Like any coming-of-age tale, Belfort starts out as an innocent 22-year-old who wants to make it in the world. Eager and smart, he heads to big, bad Wall Street where the fun really begins. He learns from his boss (Matthew McConaughey, still gaunt from Dallas Buyers Club) that the key to financial success is sex, cocaine and masturbation. Cocaine is to Jordan Belfort as spinach is to Popeye — I’d love to see that analogy make it onto the SAT. However, out of all of his addictions and dependencies — including Quaaludes, Xanax, Ambien, pot, cocaine, morphine and hookers — he is most proudly addicted to money. “Enough of this shit’ll make you invincible, able to conquer the world and eviscerate your enemies,” Belfort states after unrolling a 100-dollar bill dusted with the cocaine he just snorted.
Belfort, known as The Wolf amongst his colleagues and employees, is obsessed with possessions. Hell, who isn’t? He even thinks of his own wife (he’s moved on to wife number two) and children as possessions — a true trophy family. Terence Winter, who wrote the screenplay, accurately describes Belfort’s second wife Naomi (Margot Robbie), as a living wet dream. Robbie expertly conceals her Australian background with a killer Brooklyn accent in her American film debut. Though Naomi appears to be a bimbo who only makes eyes at men with money, she becomes a voice of reason throughout the film. She is fine with hiding money in Swiss bank accounts and putting up with Jordan’s ridiculous habits, but draws a line where it affects her and her children’s well-being. Through Naomi, the bimbo who becomes suddenly maternal when Belfort crashes a car with young son in tow, The Wolf of Wall Street leaves room for a dense feminist critique of the plot, but that would ruin all the fun.
Scorsese has worked with DiCaprio many times in the past (Shutter Island, The Departed, The Aviator), but never on this sort of project. DiCaprio’s character is so dramatic and larger-than-life that he feels like a character out of Stefan’s Saturday Night Live sketch. Scorsese’s portrait of Belfort’s life continues to shock more the longer the film goes on. The film uses the word “fuck” more frequently than almost any other movie in existence, not counting Fuck, an aptly-named documentary about the word. At 569 uses, that means “fuck” was used 3.18 times per minute. I like to imagine the script meetings when Winter, Scorsese and Belfort (the actual Jordan Belfort helped out) sat and decided how many boobs, vaginas, and lines of cocaine to show. The film begs the question: is there such a thing as moderation?

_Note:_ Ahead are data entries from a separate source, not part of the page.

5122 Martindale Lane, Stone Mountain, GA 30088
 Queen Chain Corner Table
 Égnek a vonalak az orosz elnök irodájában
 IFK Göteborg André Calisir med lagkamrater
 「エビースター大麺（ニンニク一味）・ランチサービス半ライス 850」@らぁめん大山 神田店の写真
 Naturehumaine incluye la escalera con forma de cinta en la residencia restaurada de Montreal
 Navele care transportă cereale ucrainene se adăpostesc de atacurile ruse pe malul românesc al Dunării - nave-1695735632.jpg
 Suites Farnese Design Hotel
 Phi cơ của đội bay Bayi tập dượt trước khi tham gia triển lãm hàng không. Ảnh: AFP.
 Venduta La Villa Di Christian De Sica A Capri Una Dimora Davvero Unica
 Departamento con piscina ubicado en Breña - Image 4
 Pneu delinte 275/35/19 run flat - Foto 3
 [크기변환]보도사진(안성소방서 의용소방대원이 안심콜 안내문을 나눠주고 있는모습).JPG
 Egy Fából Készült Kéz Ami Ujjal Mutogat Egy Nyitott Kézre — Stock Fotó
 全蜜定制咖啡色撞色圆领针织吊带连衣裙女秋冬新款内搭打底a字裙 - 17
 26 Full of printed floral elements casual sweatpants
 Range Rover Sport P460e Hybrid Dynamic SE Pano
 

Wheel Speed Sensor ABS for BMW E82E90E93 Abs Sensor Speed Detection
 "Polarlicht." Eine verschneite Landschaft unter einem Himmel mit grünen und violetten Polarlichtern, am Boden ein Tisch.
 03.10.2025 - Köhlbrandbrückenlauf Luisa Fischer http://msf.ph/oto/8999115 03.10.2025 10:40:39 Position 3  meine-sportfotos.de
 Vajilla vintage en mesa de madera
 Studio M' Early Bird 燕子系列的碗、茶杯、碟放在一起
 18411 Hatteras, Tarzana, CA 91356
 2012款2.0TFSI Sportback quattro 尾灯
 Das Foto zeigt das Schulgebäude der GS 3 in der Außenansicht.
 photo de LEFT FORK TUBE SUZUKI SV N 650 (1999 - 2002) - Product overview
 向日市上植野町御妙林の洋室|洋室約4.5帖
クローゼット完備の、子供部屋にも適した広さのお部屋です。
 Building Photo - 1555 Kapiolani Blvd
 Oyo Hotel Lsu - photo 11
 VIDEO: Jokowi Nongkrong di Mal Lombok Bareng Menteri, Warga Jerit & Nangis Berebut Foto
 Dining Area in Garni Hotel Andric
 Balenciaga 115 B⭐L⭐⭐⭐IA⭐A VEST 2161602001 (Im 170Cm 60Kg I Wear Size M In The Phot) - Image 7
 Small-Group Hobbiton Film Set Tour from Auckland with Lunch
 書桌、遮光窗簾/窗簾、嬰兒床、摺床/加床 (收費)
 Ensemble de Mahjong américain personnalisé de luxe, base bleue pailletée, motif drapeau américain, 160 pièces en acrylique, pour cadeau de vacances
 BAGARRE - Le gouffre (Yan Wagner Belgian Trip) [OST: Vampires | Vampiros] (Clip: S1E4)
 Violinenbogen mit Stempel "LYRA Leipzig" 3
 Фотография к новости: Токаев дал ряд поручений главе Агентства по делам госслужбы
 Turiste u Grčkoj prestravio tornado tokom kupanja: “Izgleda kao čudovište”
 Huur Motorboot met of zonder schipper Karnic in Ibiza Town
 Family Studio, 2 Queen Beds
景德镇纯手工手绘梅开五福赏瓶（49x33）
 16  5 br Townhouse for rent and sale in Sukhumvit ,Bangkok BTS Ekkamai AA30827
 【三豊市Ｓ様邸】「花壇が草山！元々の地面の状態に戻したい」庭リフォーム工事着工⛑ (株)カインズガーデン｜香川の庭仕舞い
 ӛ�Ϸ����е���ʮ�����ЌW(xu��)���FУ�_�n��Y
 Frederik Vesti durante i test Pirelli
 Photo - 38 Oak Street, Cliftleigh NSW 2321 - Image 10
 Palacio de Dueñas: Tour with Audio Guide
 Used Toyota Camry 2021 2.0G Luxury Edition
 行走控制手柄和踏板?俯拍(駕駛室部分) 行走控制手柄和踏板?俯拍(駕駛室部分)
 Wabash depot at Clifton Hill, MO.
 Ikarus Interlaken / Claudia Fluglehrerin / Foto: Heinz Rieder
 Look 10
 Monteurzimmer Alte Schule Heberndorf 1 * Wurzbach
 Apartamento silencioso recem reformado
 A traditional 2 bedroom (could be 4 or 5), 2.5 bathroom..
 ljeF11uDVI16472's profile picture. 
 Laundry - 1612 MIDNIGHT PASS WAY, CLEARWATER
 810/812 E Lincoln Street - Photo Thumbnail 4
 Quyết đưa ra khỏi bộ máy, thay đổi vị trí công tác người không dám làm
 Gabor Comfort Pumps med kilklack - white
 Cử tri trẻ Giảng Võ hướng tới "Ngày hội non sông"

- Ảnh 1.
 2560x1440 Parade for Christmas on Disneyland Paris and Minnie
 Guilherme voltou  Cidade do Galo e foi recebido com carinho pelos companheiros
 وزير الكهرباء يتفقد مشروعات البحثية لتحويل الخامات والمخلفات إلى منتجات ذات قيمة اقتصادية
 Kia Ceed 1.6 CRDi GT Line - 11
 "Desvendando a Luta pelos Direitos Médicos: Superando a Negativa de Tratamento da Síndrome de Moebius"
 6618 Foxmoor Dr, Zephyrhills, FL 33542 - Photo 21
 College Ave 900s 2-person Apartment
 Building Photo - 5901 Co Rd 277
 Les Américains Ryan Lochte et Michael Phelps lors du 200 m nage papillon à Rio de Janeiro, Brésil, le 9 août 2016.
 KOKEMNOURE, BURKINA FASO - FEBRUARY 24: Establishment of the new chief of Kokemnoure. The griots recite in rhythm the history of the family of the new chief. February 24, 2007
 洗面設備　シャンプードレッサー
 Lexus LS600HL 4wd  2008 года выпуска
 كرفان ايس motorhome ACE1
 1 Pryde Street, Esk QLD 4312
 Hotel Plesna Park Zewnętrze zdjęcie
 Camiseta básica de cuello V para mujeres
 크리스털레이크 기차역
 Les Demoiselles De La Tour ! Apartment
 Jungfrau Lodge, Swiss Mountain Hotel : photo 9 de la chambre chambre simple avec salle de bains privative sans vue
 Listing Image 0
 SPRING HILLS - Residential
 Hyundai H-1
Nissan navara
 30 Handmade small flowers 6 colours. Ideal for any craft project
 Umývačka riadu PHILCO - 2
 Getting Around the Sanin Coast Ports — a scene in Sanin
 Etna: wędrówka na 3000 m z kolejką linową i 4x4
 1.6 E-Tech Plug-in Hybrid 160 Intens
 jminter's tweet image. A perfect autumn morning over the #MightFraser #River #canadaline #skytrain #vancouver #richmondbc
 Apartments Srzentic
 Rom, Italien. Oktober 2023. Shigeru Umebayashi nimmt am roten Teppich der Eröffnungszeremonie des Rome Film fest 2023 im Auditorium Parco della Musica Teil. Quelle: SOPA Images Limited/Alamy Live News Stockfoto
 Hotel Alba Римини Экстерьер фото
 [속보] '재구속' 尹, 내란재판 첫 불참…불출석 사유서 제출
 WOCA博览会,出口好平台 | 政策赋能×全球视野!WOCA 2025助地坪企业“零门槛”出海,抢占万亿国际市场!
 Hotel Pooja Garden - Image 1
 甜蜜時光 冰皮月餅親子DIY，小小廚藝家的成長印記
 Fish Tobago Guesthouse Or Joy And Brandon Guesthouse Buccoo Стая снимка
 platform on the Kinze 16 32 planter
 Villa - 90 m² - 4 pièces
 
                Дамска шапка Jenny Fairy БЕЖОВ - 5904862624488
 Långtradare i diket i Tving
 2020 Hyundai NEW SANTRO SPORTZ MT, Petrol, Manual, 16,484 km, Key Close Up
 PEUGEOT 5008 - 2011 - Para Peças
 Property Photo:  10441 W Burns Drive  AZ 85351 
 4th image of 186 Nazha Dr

For a film centered on such an unlikeable character and excessive crime, the end feels gentle. To give a serious ending, reminiscent of Catch Me If You Can, to a film that opens with stock brokers tossing dwarves onto bullseyes in the middle of the office just seems wrong. Though an offensive ride, The Wolf of Wall Street is an exhilarating one, and viewers are right in the passenger seat. Hopefully not in the passenger seat of his Lamborghini, helicopter or massive yacht, all of which he crashed. Leo already got a Golden Globe for The Wolf of Wall Street, but will he finally get his Oscar? If he wins, I hope he uses McConaughey’s money chant in place of an acceptance speech.